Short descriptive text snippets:
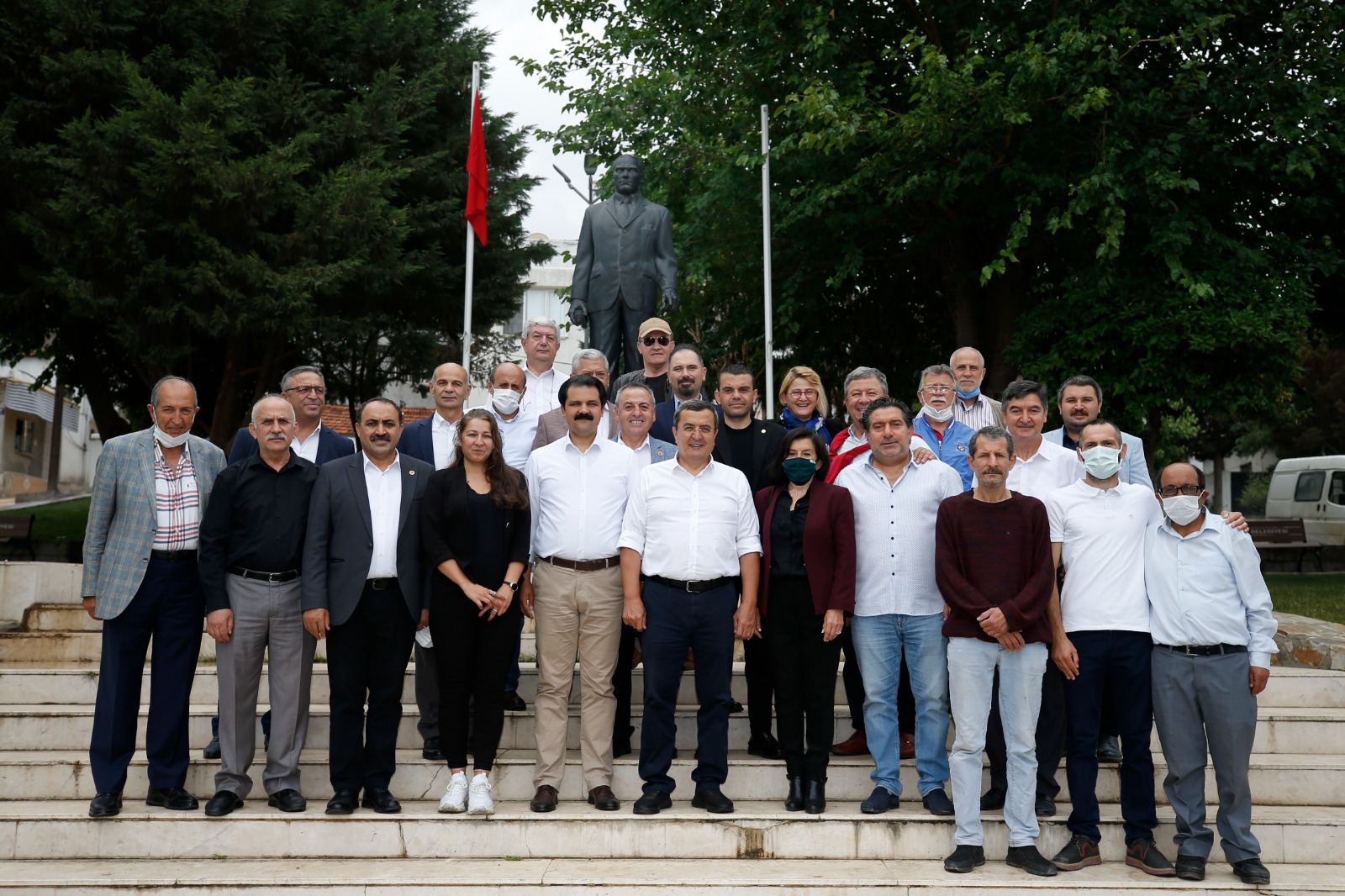 Projeler meclis üyelerine tanıtıldı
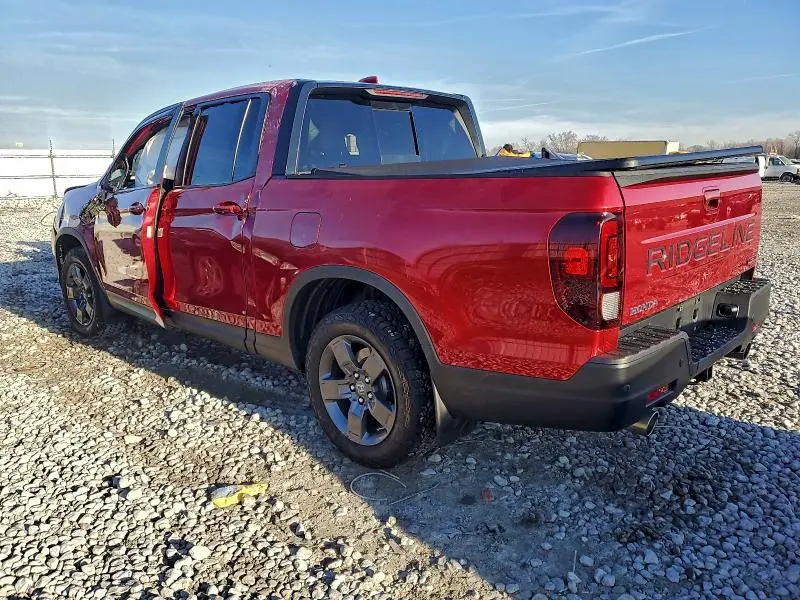 2024 HONDA RIDGELINE TRAIL SPORT  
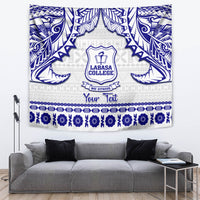 Personalised Fiji Labasa College Tapestry Fijian Tapa Pattern - Wonder Print Shop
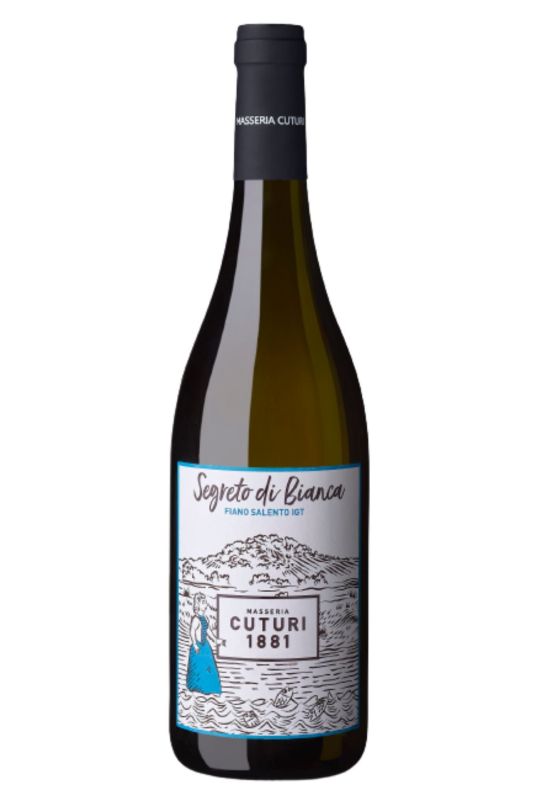 Masseria Cuturi 1881 Fiano Segreto Di Bianca 2024 Ml. 750 Divine Golosità Toscane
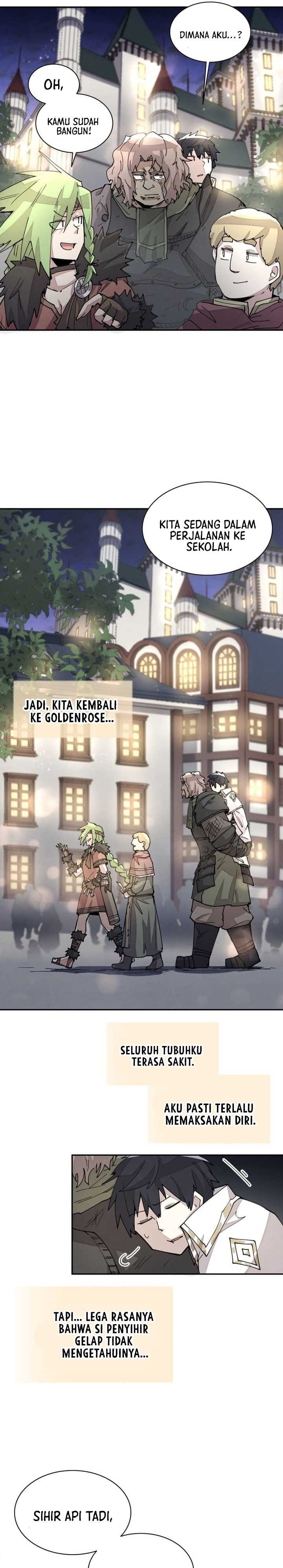 The Rebirth of the Hero’s Party’s Archmage Chapter 35 Gambar 22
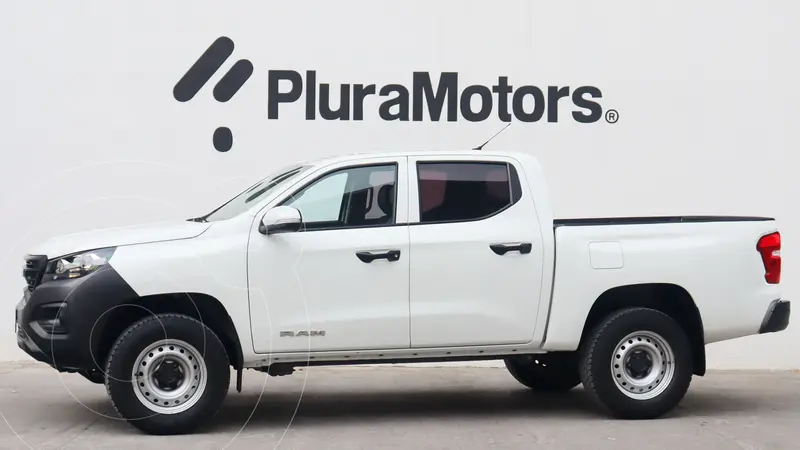 Foto RAM 1200 Tradesman Crew Cab usado (2025) color Blanco precio $419,000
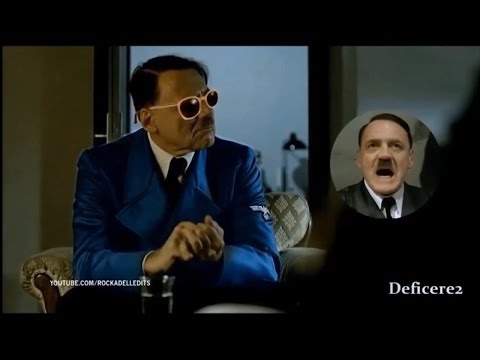 Hitler sings on X Factor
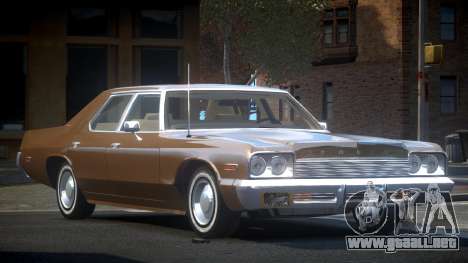 1977 Dodge Monaco V1.2 para GTA 4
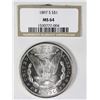 Image 2 : 1897-S MORGAN SILVER DOLLAR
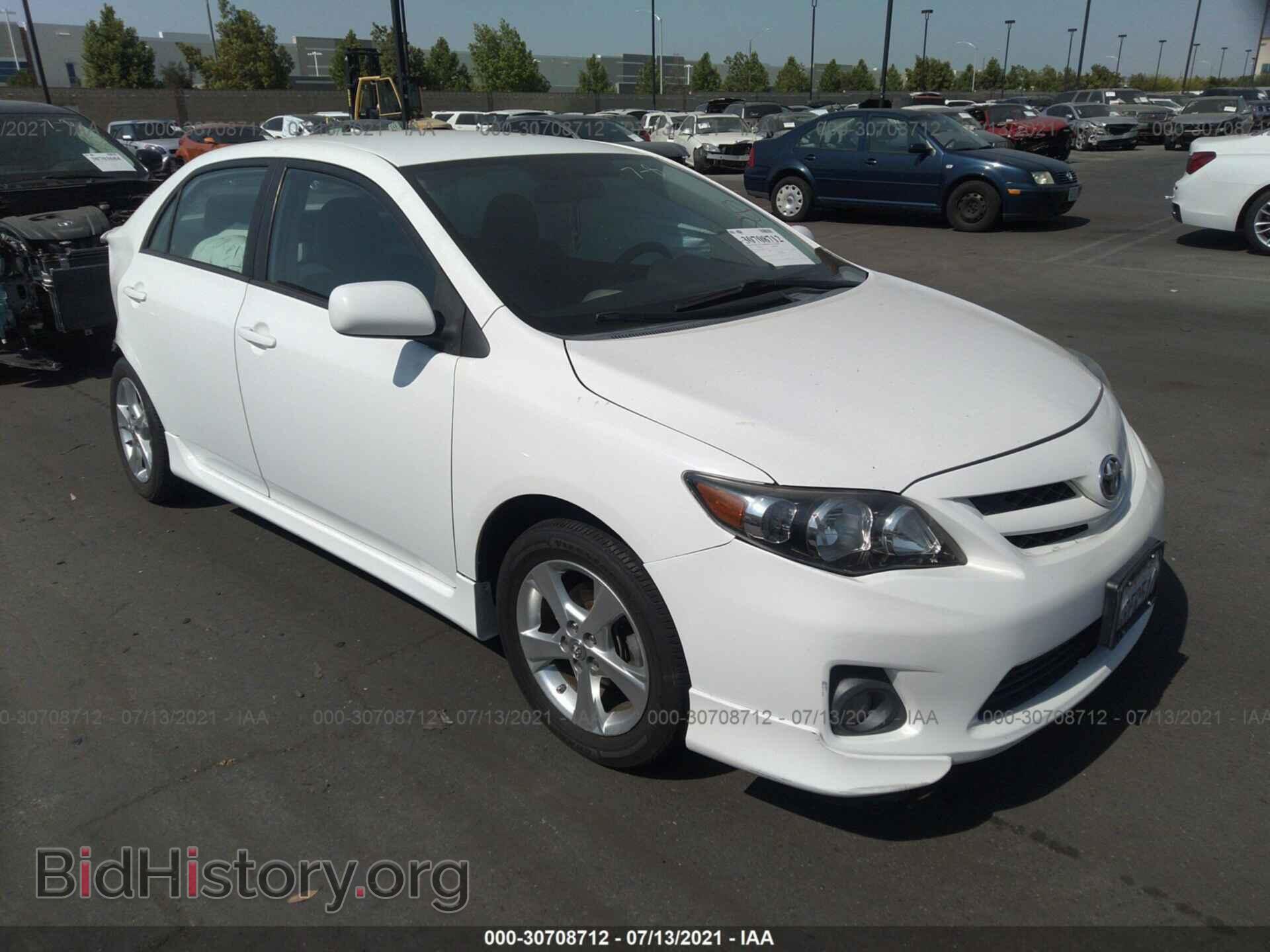 Фотография 2T1BU4EEXBC606777 - TOYOTA COROLLA 2011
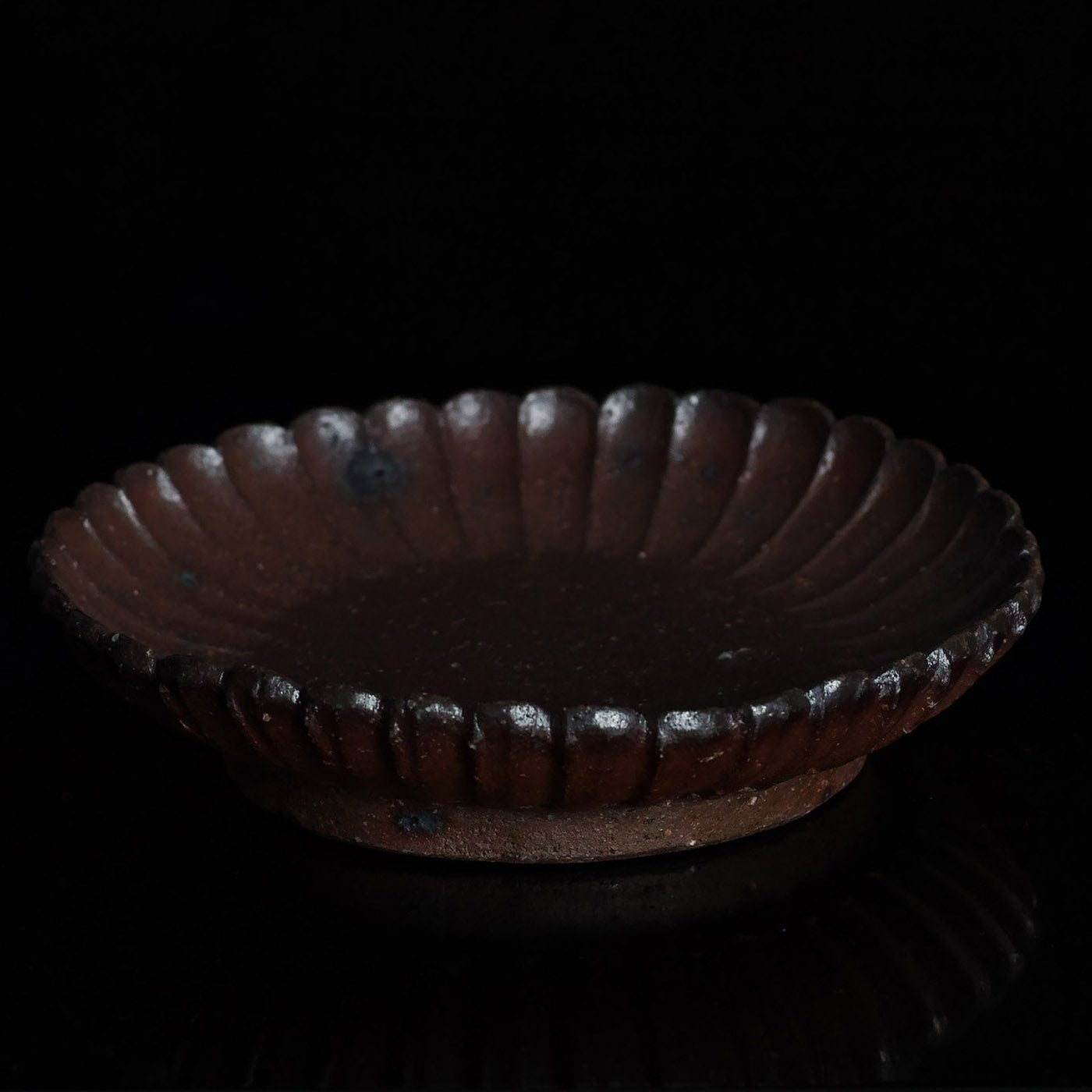 Bizen tallerken (1) - Lille - Manaka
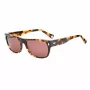 Belstaff sieviešu Hudson S184 saulesbrilles - taisnstūra acetāta rāmis UV400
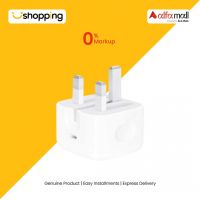 Apple 20W USB-C Power Adapter White - Non Mercantitle - On Installments - ISPK-0158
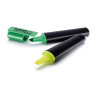 FLASHER POCHETTE DE 4 MARQUEUR FLUO HI-TEXT 7100 /  JAUNE / VERT / ROSE / BLEU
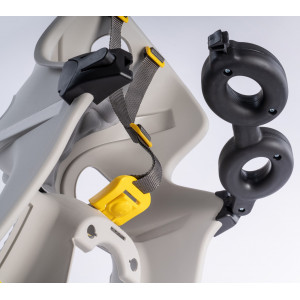 Lastetool Bellelli Freccia B-fix front silk grey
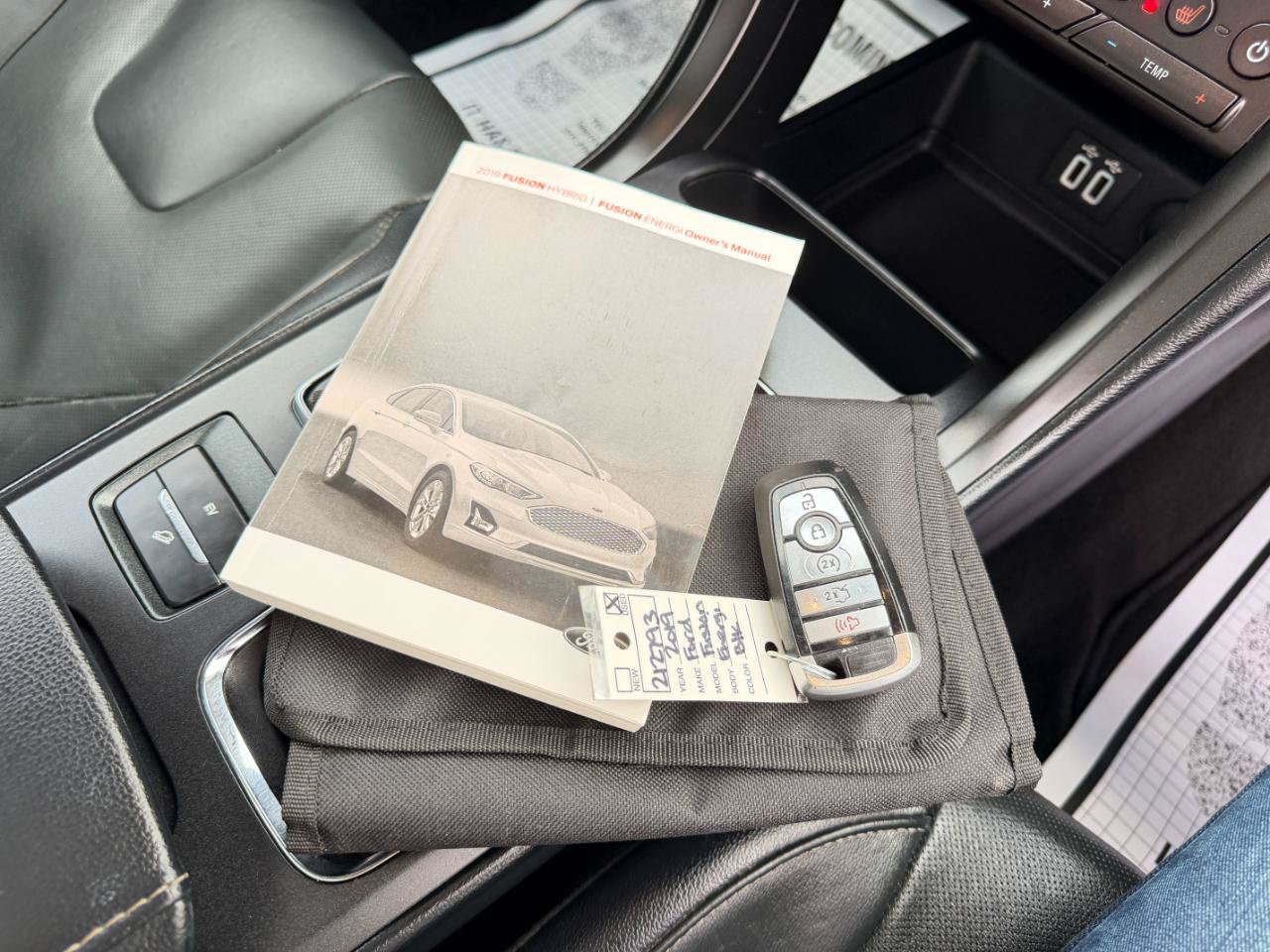 Used 2019 Ford Fusion Energi Titanium FWD image 51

◆ WHAT IS EXPECTED ◆
In the records above, transcribe exactly the lines from the one containing "Belstaff sieviešu Hudson" through the last line, both included, and skip the pictures.

◆ SOLUTION FOR THIS PROBLEM ◆
 Belstaff sieviešu Hudson S184 saulesbrilles - taisnstūra acetāta rāmis UV400
 Apple 20W USB-C Power Adapter White - Non Mercantitle - On Installments - ISPK-0158
 FLASHER POCHETTE DE 4 MARQUEUR FLUO HI-TEXT 7100 /  JAUNE / VERT / ROSE / BLEU
 Lastetool Bellelli Freccia B-fix front silk grey
 Used 2019 Ford Fusion Energi Titanium FWD image 51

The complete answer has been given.